Strong Non Farm Payroll Number Puts Fed Back in Focus
After the Brexit vote last month, equity markets cratered. By July 12, U.S equity markets had recovered all their post Brexit losses and hit all time highs. Last Friday, the Bureau of Labor Statistics issued a report showing that 287,000 new jobs were created in June. This beat expectations by 100,000 and has set the Federal Reserve watchers back on alert for talk of interest rate increases.
As if on cue, the Fed has trotted out a half a dozen or so Fed Presidents this week all stating their views that rates should be raised but not with the same immediate urgency as the calls for interest rate hikes in May. This time rate hike calls by Fed officials have been couched in terms like ‘patience’, ‘gradual’ and ‘careful’. This type of talk has not been interpreted as a renewed hawkish Fed insistent on raising interest rates, but rather just talk. With market analysts not expecting imminent rate hikes, the dollar hasn’t moved much from its slight post Brexit bounce, but equity market have strengthened.
While uncertainty persists surrounding Brexit, there seems to be a temporary pause on concern over the implications of Brexit. Equity markets are rebounding along with gold and silver. Earlier in the year gold and silver rose when equity markets cratered and did the same when equity markets fell after the Brexit vote. Gold and silver have risen in 2016 in a near continuous fashion, while equity markets have risen and fallen in large measures multiple times during the year.
Overview of Major Currencies and Gold and Silver Post Brexit
Gold and Silver
Gold and silver have been stellar performers in 2016. Their ascents went into overdrive immediately after the Brexit vote. Gold has risen post Brexit against all major currencies including the dollar, highlighting gold’s safe haven status.
Gold has risen more than 20% from $1097 an ounce on January 4 to $1340 an ounce on July 13.
Year to Date Dollar Index, Oil and Gold Prices
Year to Date Dollar Index, Oil and Silver Prices
Silver has risen nearly 50% from $14.00 an ounce on January 4 to $20.30 an ounce on July 13.
Oil is up about 30% in 2016, at $44 a barrel on July 13.
The gloom and doom surrounding gold and silver at the beginning of the 2016, was matched only by the negative sentiment about oil. All three commodities have soared in 2016. Oil has been harmed recently by reports of inventory build.
The dollar has under performed so far in 2016. Brexit gave the dollar a temporary boost, but lower GDP growth and the Fed’s failure to raise rates also weighed on the dollar in the first half of the year. Rate hike talk in May boosted the dollar. That burst was short lived when it became clear that the labor market was no longer improving at the pace the Fed had projected and therefore a rate hike in June or July was unlikely. As of July 13, the Dollar Index* was about 96 and down about 4% on the year. This week, a few Fed Presidents gave tepid endorsement to rate hikes but their pronouncements have not been as definitive as the Fed rate hike chatter in May. As a result, the dollar has not moved in reaction to recent Fed official statements.
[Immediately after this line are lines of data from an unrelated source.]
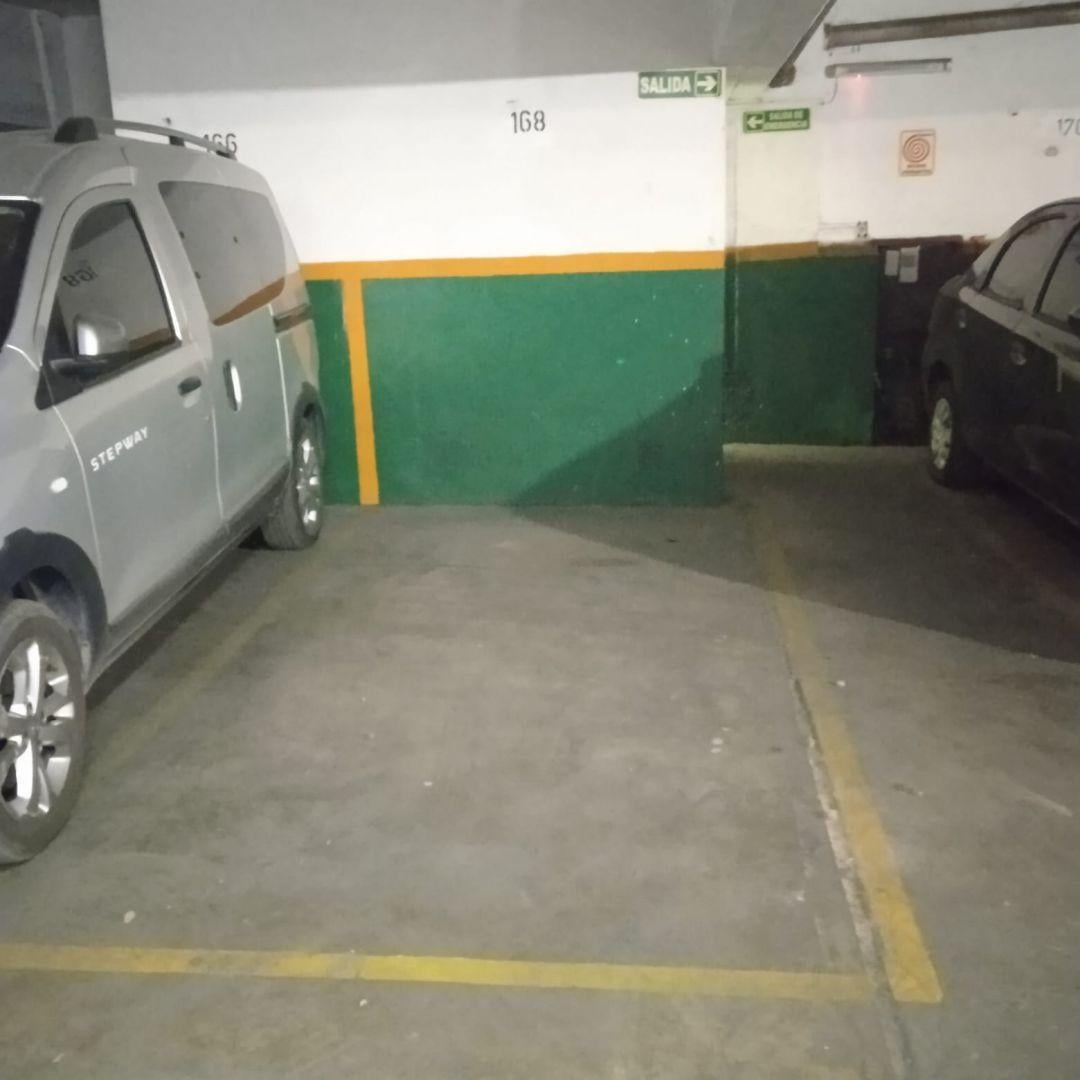 Cochera . | DEL PINO, VIRREY al 2200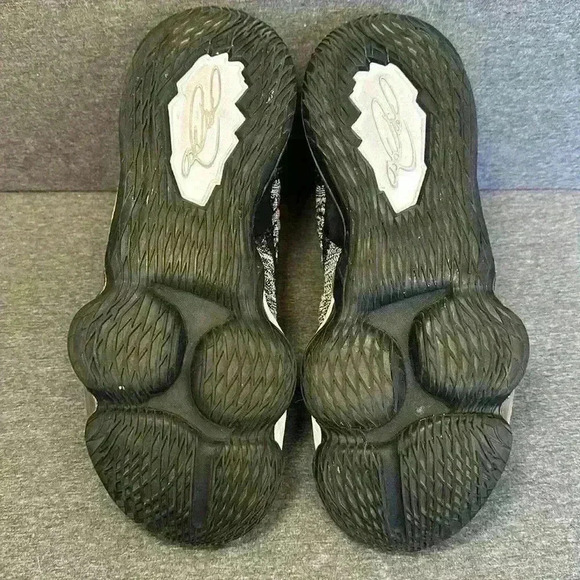 Nike Lebron 17 Basketball Shoes Men’s Size 8 Women’s Size 9.5 BQ3177-002 RARE! - Picture 9 of 10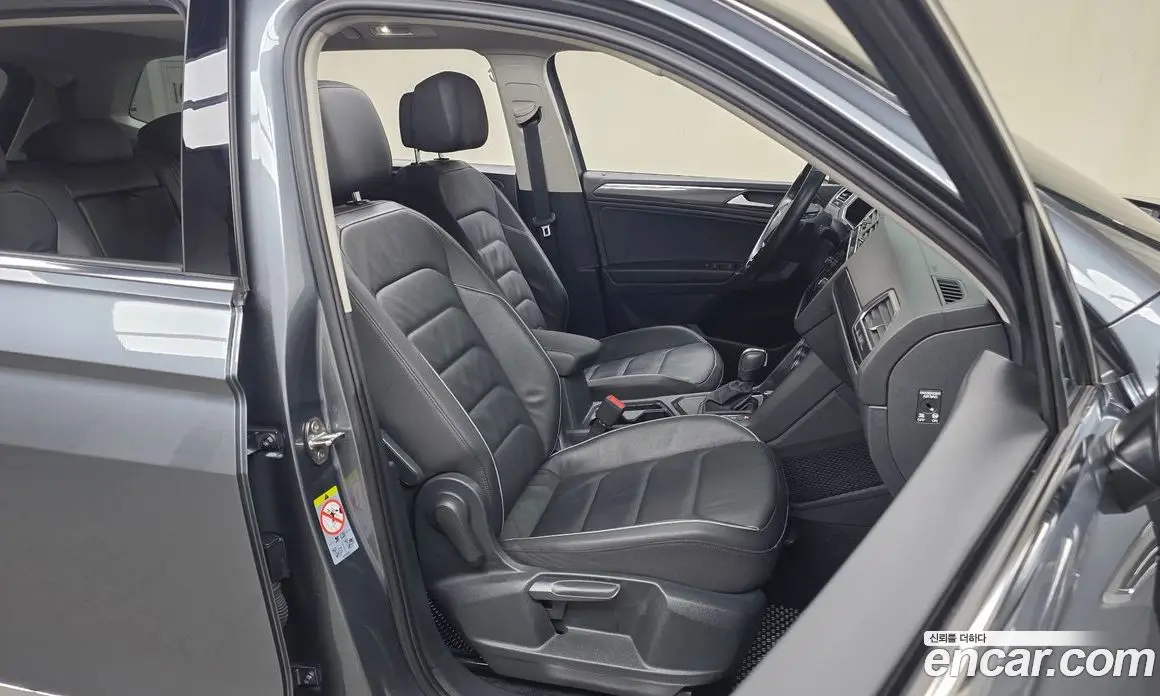 Volkswagen Tiguan 2020 2.0 автомат (гидро), фото 15 Volkswagen Tiguan 2020 2.0 автомат (гидро), фото 15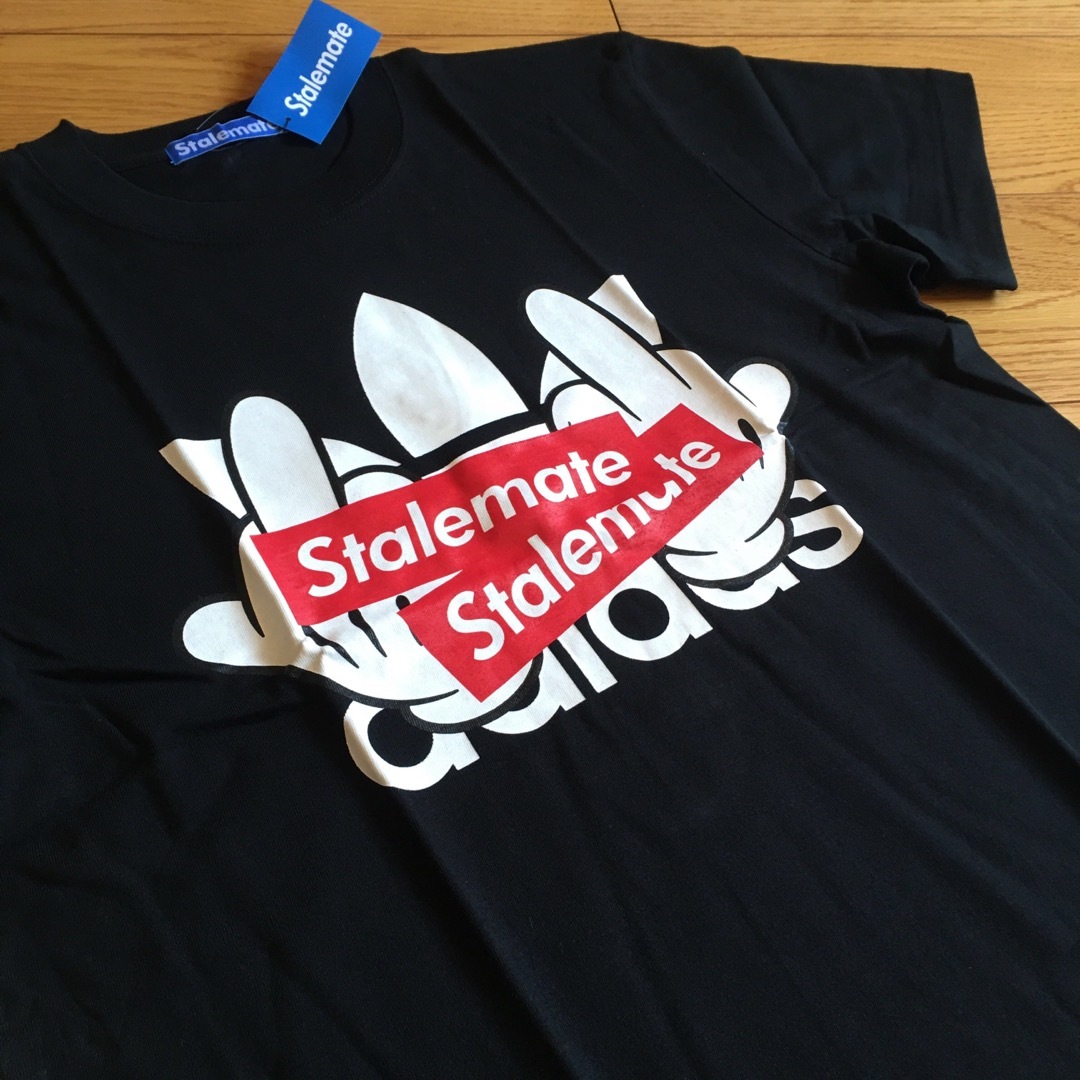 Stalemate 半袖 Tシャツ ブラック　ホワイトxレッドプリント Mサイズ メンズのトップス(Tシャツ/カットソー(半袖/袖なし))の商品写真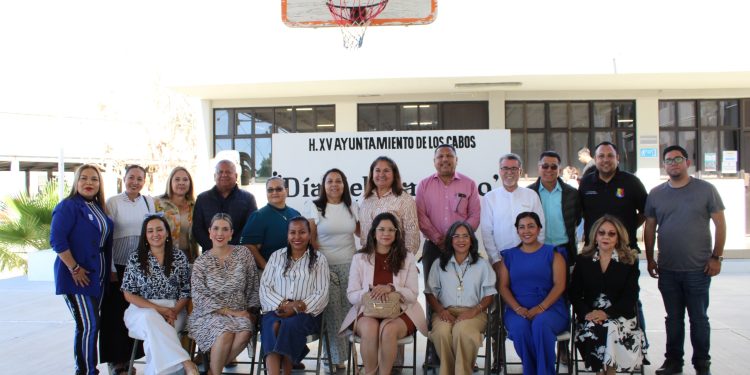 CONMEMORAN DIA DEL MAESTRO CON CEREMONIA CÍVICA EN CABO SAN LUCAS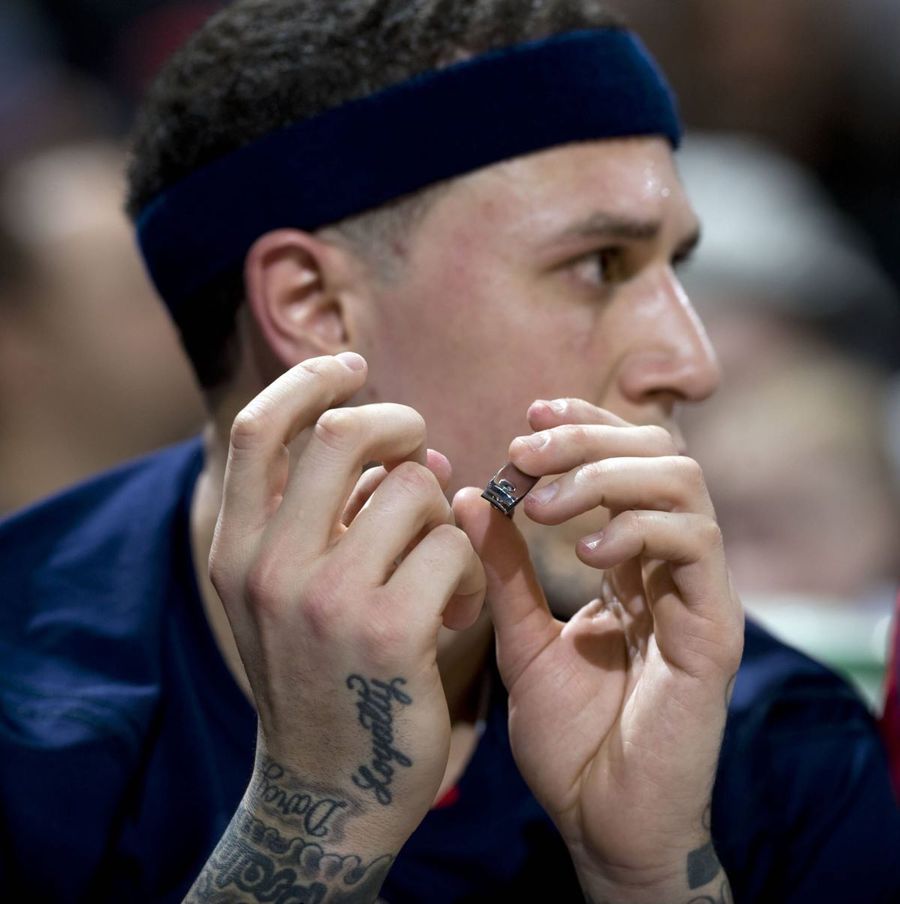 Mike Bibby scurtându-și unghiile cu cleștele în timpul unui meci Foto: Imago Images Celebrul Sergio Goycochea făcea pipi pe el înainte de penalty: „Era talismanul meu!” » Cele mai ciudate și nebune superstiții din sport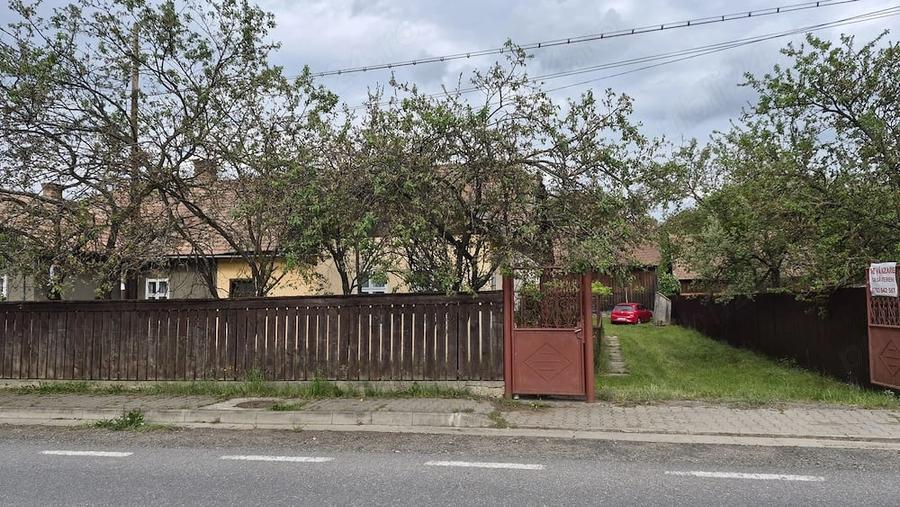 Casă cu Teren 3000 Mp în Călățele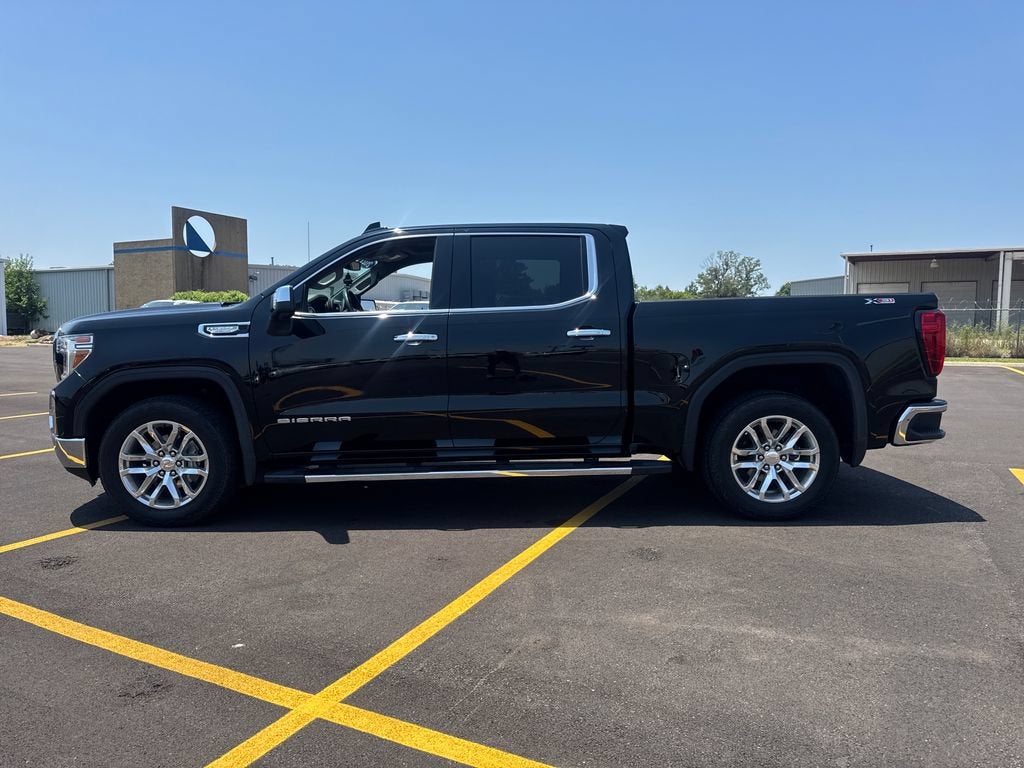2021 GMC Sierra 1500 SLT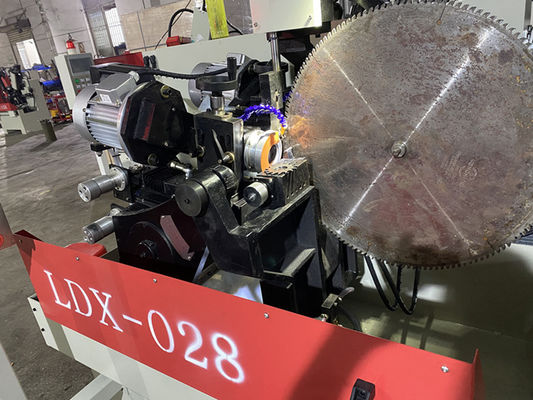 الكامل أوتوماتيكي CNC رأس طحن مزدوج الزاوية الجانبية معدات رأس شفرة طحن LDX-028A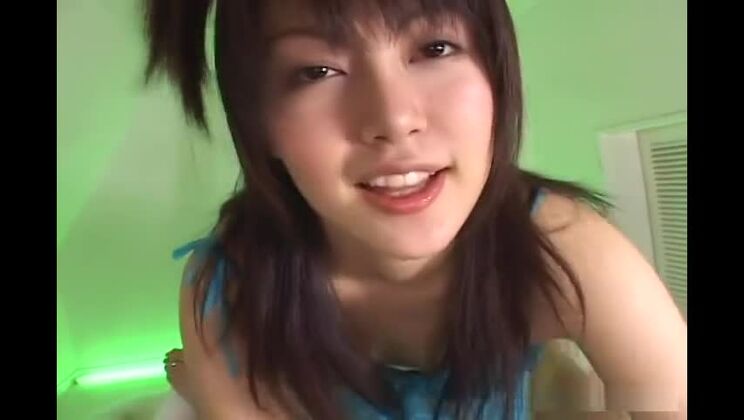 Die reizende Schlampe Ai verwöhnt uns mit einem guten Blowjob.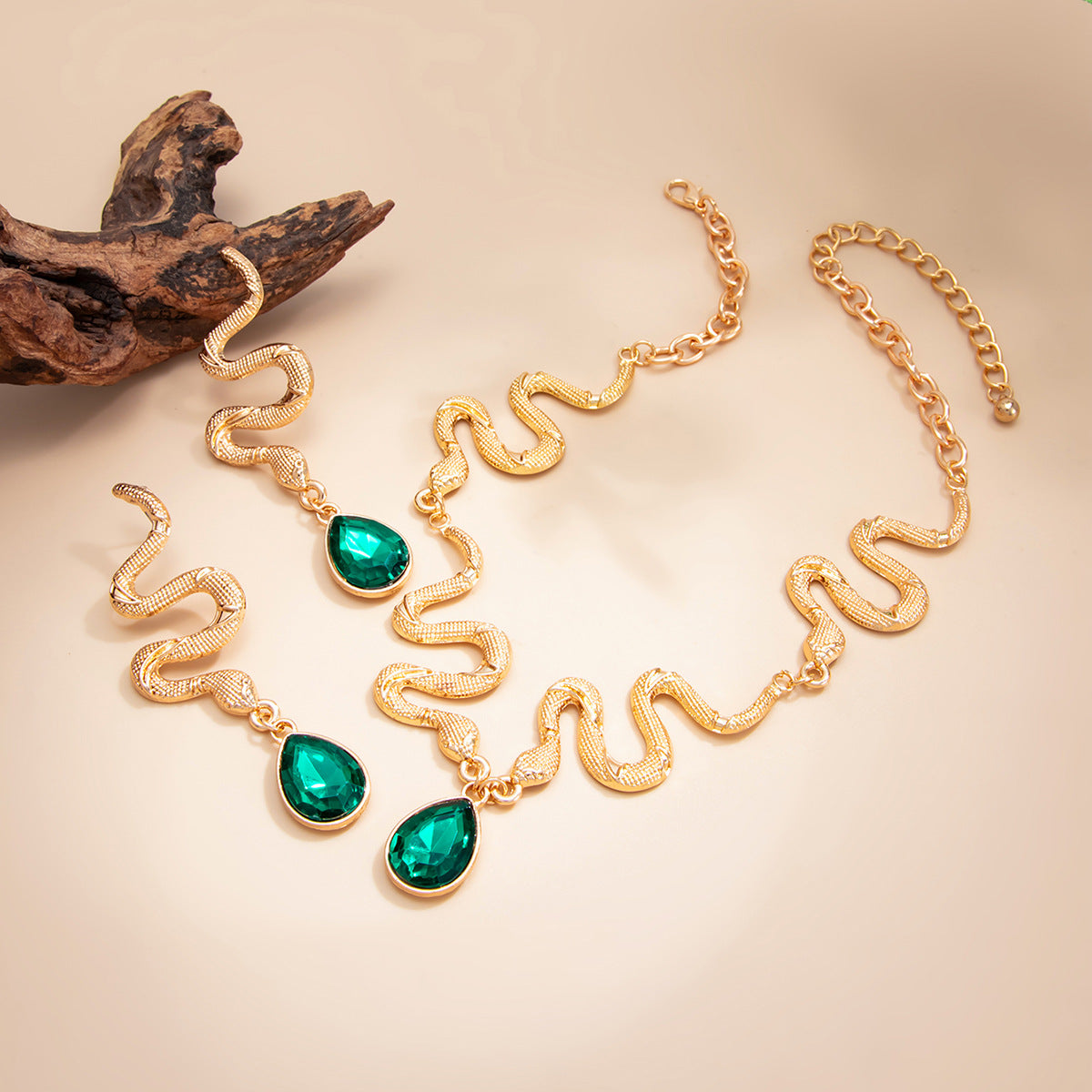 Luxury Minimalist Plated Iron Snake Shape Necklace with Gemstone Acrylic Pendant for Women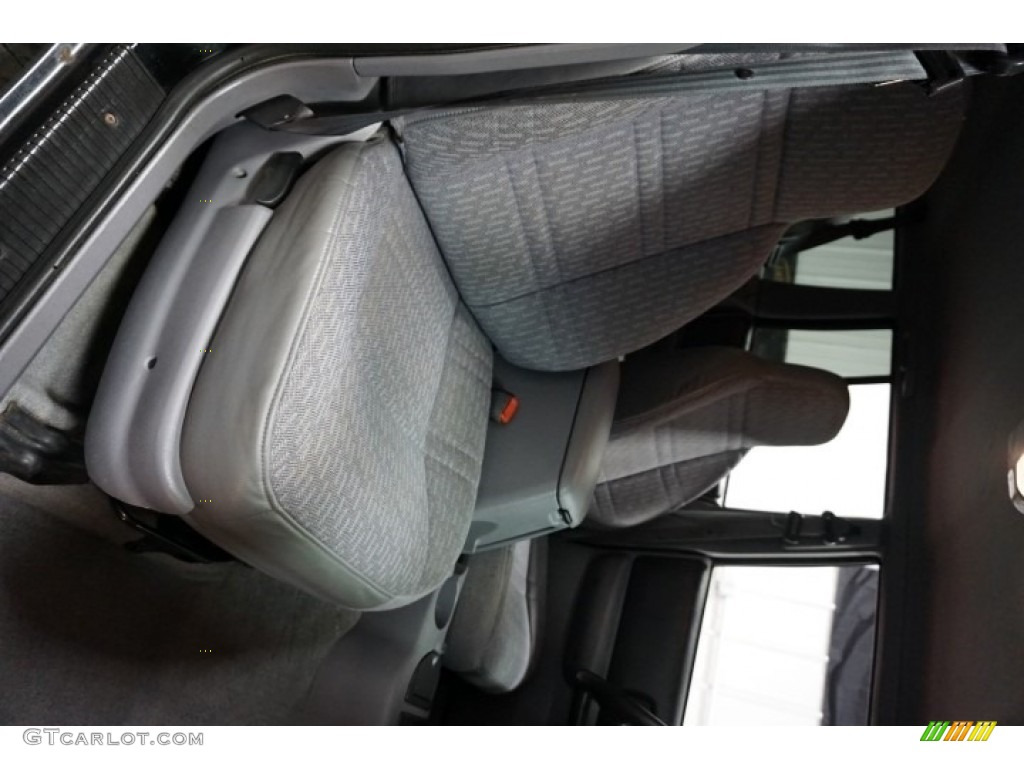 1998 Cherokee Sport 4x4 - Black / Mist Gray photo #17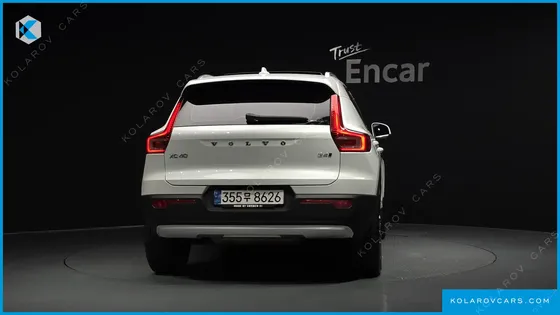 VOLVO XC40 B4 INSCRIPTION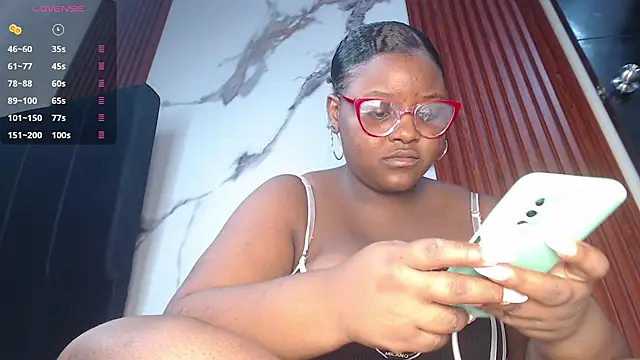 Kim Browns online show from June 25, 2026, 2:22 am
The British pound is down over 10% on the year. The Bank of England has been signaling that it may cut interest rates and increase stimulus. As a result the Pound remains mired at 31 year lows. The Pound hit its highest level of 2016 the day before the Brexit vote and was essentially even on the year. The day after, the pound fell over 11% and hasn’t recovered much.
The Euro is up slightly this year in part due to Pound and Dollar weakness. The Euro fell slightly post Brexit but has since rebounded and recouped half of its small losses.
The Japanese Yen
The Japanese Yen strengthened against the dollar about 10% in the first half of 2016 on ‘safe haven’ trading. In recent trading the Yen has fallen on talk of more stimulus from the Bank of Japan.
The Chinese Yuan
The Chinese Yuan has undergone a series of devaluations and is about 2% weaker against the US dollar year to date.
There are no major reports scheduled so any changes in the currencies markets will probably come from external events or central bank announcements. Here are some reports that could impact gold, silver and currency movements next week. :
Jul 18 NAHB Housing Market Index Jul
Jul 18 Net Long-Term TIC Flows May
Jul 19 Building Permits Jun
Jul 19 Housing Starts Jun
Jul 20 MBA Mortgage Index 07/16
Jul 20 Crude Inventories 07/16
Jul 21 Initial Claims 07/16
Jul 21 Continuing Claims 07/09
Jul 21 Philadelphia Fed Jul
Jul 21 FHFA Housing Price Index May
Jul 21 Existing Home Sales Jun
Jul 21 Natural Gas Inventories 07/16 –
* The US Dollar Index tracks the US dollar vs. the Euro, the Japanese Yen, the British Pound, the Canadian Dollar, the Swedish Krona and the Swiss Franc. The Euro comprises nearly 58% of the index.
This article by BGASC is not, and should not be regarded as, investment advice or as a recommendation regarding any particular course of action.